While observing a harmonious flight of ‘exact replica’ guillemots he ponders homo sapiens: ‘Is man over-attached to his individuality? Does it lead to the wrong kind of competition? Is there something inherently destructive in our need to assert our differences over others?’

‘We sail to islands named by Norse men with a dislike of vowels’

When two humpback whales swim alongside Mingming II within arm’s reach: ‘All experience is stripped of relevance and meaning; the world and one’s place in it is redefined at every level. Thought is reduced to tingling primeval sensation; there is nothing but the moment…’

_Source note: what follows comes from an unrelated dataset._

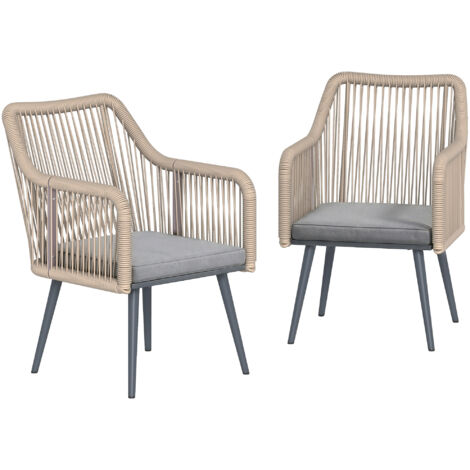 Lot de 2 chaises de jardin avec accoudoirs, résistantes aux intempéries, coussins d’assise, cadre métallique, charge max 120 kg, gris clair (1/5)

Yet when considering the inanimate coast of Bjornoya in the Barents Sea, he is placed in humankind’s fullest context: ‘Our few hours there constituted just one single day in more than thirty-six billion days. Perhaps it was the remoteness and the overwhelming muteness of the rock, that brought home the weight of all those days… for a fleeting moment I sensed the mind-numbing dimensions of geological time, and heard the echoes of its silence.’

Or sailing towards the glacier at Edgeoya: ‘… the only constant is the ocean. Land is ever- shifting and ephemeral; so, too, is ice. Despite its scale and seeming solidity, I knew that the glacier was moving. I could hear it. The ice was murmuring and groaning and every few minutes let out a rumbling roar, sometimes a distant roll of thunder, sometimes a sharp- edged artillery salvo.’

It is, appropriately, his own creation which is both the vessel of his physical voyaging and the vehicle of his self-discovery; while off Jan Mayen Island he asks himself what he is doing there and quickly answers: ‘ … An urge for total immersion in a world spared the stultifying contrivances of man? …this simple voyaging … in the bleakness of these wild places … I could find clarity and repose; it was only here that my mind, the only thing that was truly mine, could find the space to soar.’

No-one else writes like this; few can sail like this. Through his plucky singlehanded ‘cruises’, Roger has produced the Baedeker of Being.